I wonder if there will be any broadcast of it on the digital radio network that is promised in the future.


----------



## PM1234 (11 Sep 2007)

Thanks for that. I tried LW 198 and thereabouts - got the frequency from googling - but to no avail. I thought it was a problem with my (very old) radio. I know that other people can get it in Dublin and I can get a new radio/aerial etc if its possible to get it or if you have any recommendations? 

Thanks again.


----------



## rob30 (11 Sep 2007)

i have a standard sony radio, I am sure that a quick test in the shop would be enough to see if it is up to it, just bring your AA batteries in case the shop are very tight!
I have no problem listening to radio 4 in limerick with the same radio.


----------



## Brendan Burgess (11 Sep 2007)

Are you sure it is not available on the basic package in Dublin. I have listened to it for years on the basic package. I upgraded to the digital package this time last year, so if they say they don' t do it, they must have changed in the last year. 

It was on 96.35


----------



## PM1234 (11 Sep 2007)

How do NTL tune it ie via the tv or another cable so you can hear it via your stereo?


----------



## ClubMan (11 Sep 2007)

Any use:

Radio frequencies on NTL analogue cable?

I was sure that I had tuned _BBC R4 _the other week but it doesn't seem to be included on the pages linked from that thread after all!


----------



## ClubMan (11 Sep 2007)

PM1234 said:


> How do NTL tune it ie via the tv or another cable so you can hear it via your stereo?

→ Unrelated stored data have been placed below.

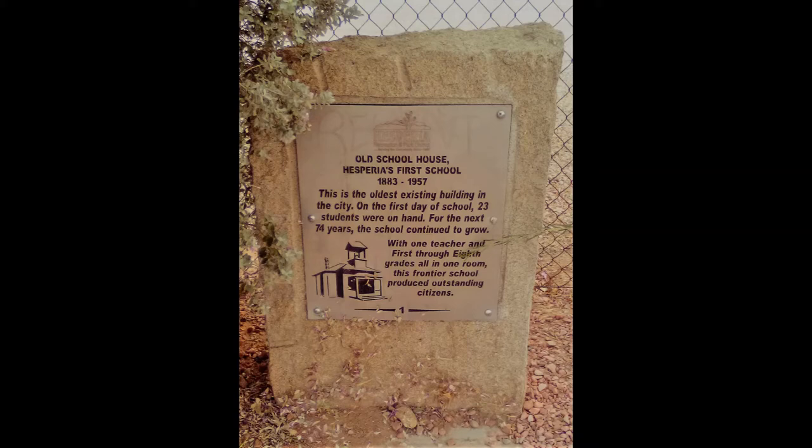This first historical site, number one, is the Old Schoolhouse — Hesperia's first school from 1883 to 1957. This is the oldest existing building in the city. On the first day of school, 23 students were on hand. For the next 74 years, the school continued to grow. With one teacher and first through eighth grades all in one room, this frontier school produced outstanding citizens.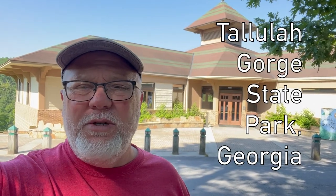Hey everybody, today we're at Tallulah Gorge State Park in Tallulah Falls, Georgia. We've been here before, but today we're going to do quite a bit more hiking, so let's get started.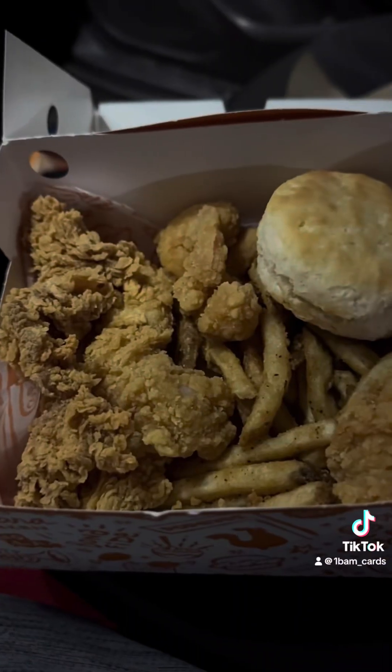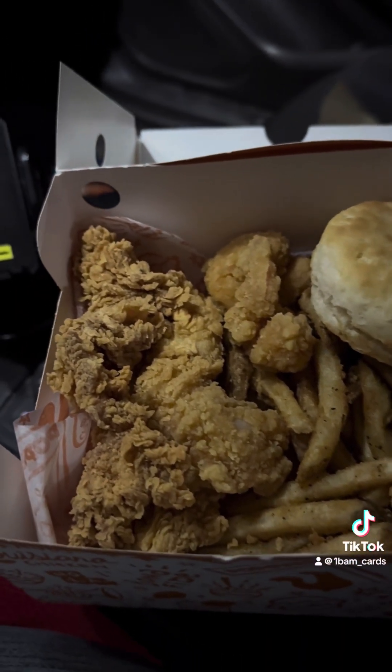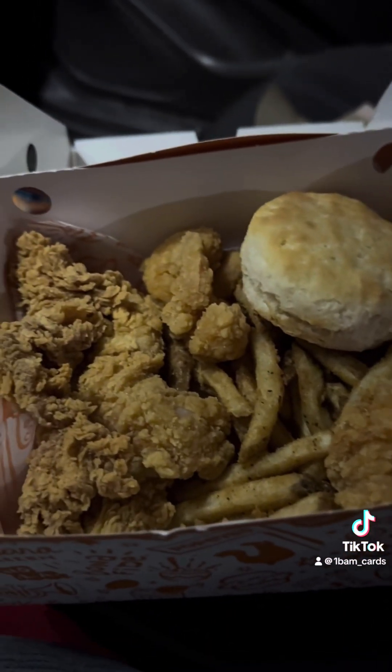Hey, what's up everybody, it's the Fat Man Food Review. It's nine o'clock at night, I need dinner still, and we decided to stop at Popeyes. This is what we got: the surf and turf box with shrimp, two chicken tenders — I asked for one spicy, one mild — a biscuit and fries. Let's get into it.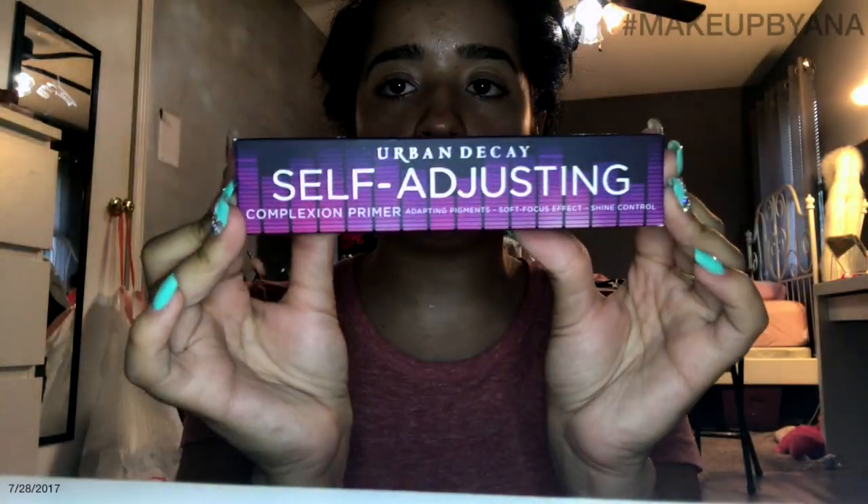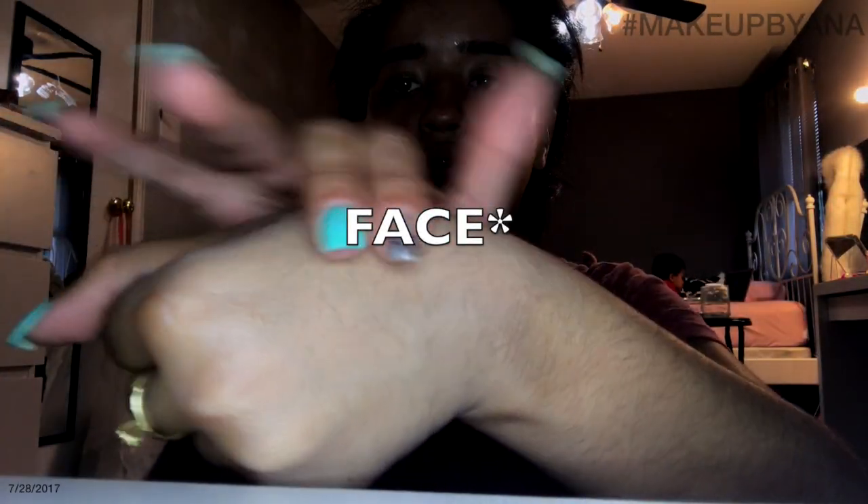I got the new Self-Adjusting Complexion Primer by Urban Decay. The packaging is nice, and this is what it looks like. I just squirted some out — this was literally one pump, and it's a lot. I guess I have to try it on the skin; the hand isn't really a good surface, it's only good for color. But this looks pretty good — it feels very creamy.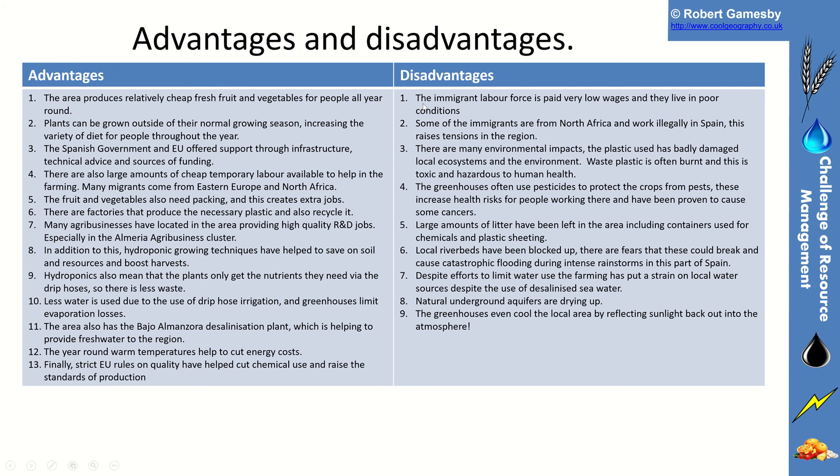However, there are disadvantages. Immigrant labour forces receive very low wages and live in poor conditions. Some immigrants from North Africa work illegally in Spain, creating racial tension in the region. Environmentally, the plastic used is often badly damaged — it's dumped in rivers, burned, and is toxic and hazardous. Pesticides used to protect crops increase health risks for workers. Large amounts of litter have been left in the area. Local river beds have been blocked for water storage, and if those break it could cause catastrophic flooding during the intense rainstorms that affect this part of Spain. There is also a huge strain on local water sources.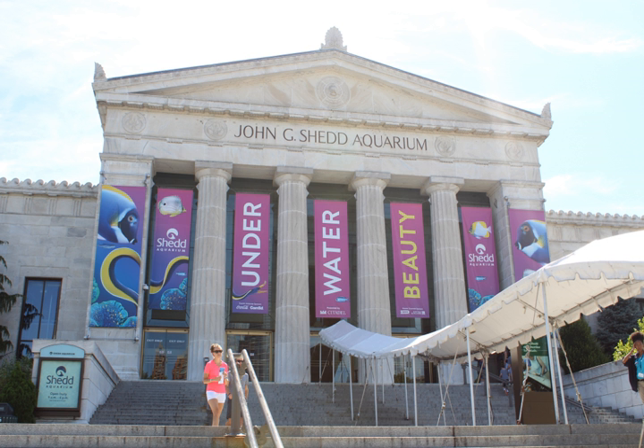Alaskan Sea Otters at Shedd include Yaku, Mari, and Kiana. Kanai was euthanized on October 9, 2012 due to failing health brought on by advancing years. Kachamak was euthanized on August 24, 2013 due to failing health related to age.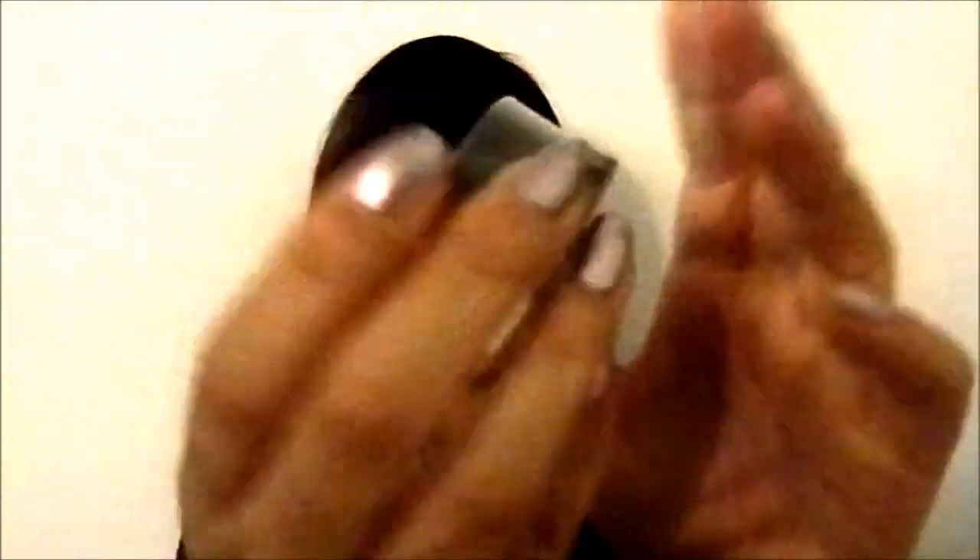The last beauty item I got was the Maybelline Color Tattoo Eye Studio Eyeshadow in Audacious Asphalt. I thought I'd give this a try — it's not open yet so I can't swatch it right now, but it's kind of a satin gray color. I love the Color Tattoo Eyeshadows because they're really, really good quality. My favorites are the Bad to the Bronze and the Gold ones. I definitely recommend these.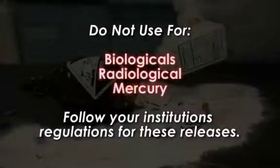ChemCleanse is not designed to treat biological spills, radiological material, or mercury releases. Follow your institution's regulations and policies for these releases.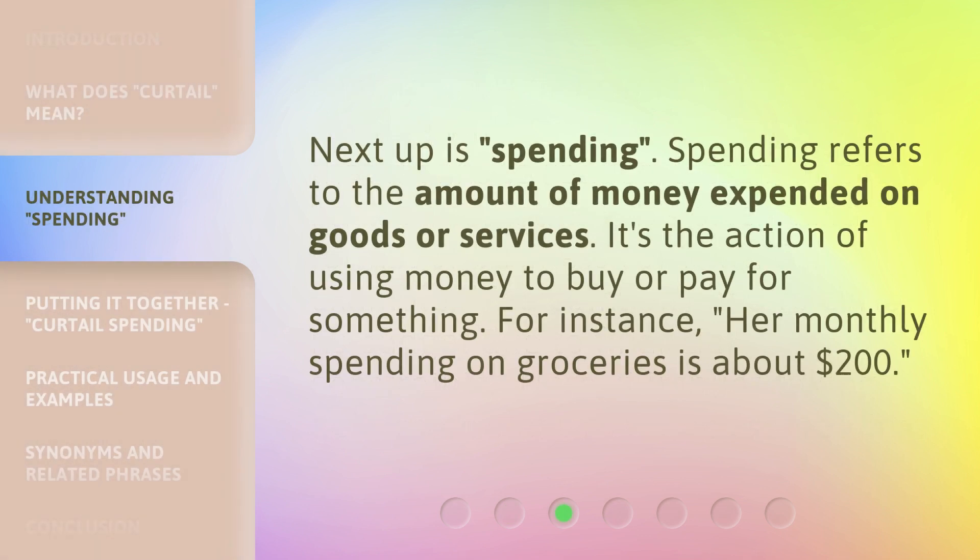Next up is spending. Spending refers to the amount of money expended on goods or services. It's the action of using money to buy or pay for something. For instance, her monthly spending on groceries is about $200.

You need to connect a radio tuner (e.g. I use a separate tuner but you could use a receiver (combined amplifier/tuner) or something else) to the _NTL _radio (not TV) socket using a suitable co-axial cable and then you tune in there. Some _TVs _have a built-in radio tuners but I doubt that this is very common.


----------



## PM1234 (11 Sep 2007)

And they told me yesterday it wasn't available! Cheers folks. 

Are the NTL radio sockets installed when they put in the tv socket or do they have to come out to do this? Can NTL provide the co-axial cable?


----------



## ClubMan (11 Sep 2007)

PM1234 said:


> And they told me yesterday it wasn't available! Cheers folks.


I need to check later. I thought that it was available and that I had tuned it recently but I could be wrong.


> Are the NTL radio sockets installed when they put in the tv socket


Yes - normally they install a box with two sockets - one for _TV _and one for radio. I have no idea about the internal wiring of the box as I have never investigated.


> or do they have to come out to do this?


Do you not have such a box (e.g. on your wall, window sill etc.)?


> Can NTL provide the co-axial cable?


It would surely be easier to just pick one up in your local hardware/electrical shop?


----------



## GeneralZod (11 Sep 2007)

You can get the FM version of it over the Internet.

http://www.bbc.co.uk/radio4/

Handy for avoiding the cricket that they always broadcast only on LW over the summer.

Nothing against cricket, it's just too much of it is overwhelming.


----------



## PM1234 (11 Sep 2007)

I'm just after giving NTL a quick call and they listed lots of stations but not Radio 4.  I was hoping to avoid using the internet for it. 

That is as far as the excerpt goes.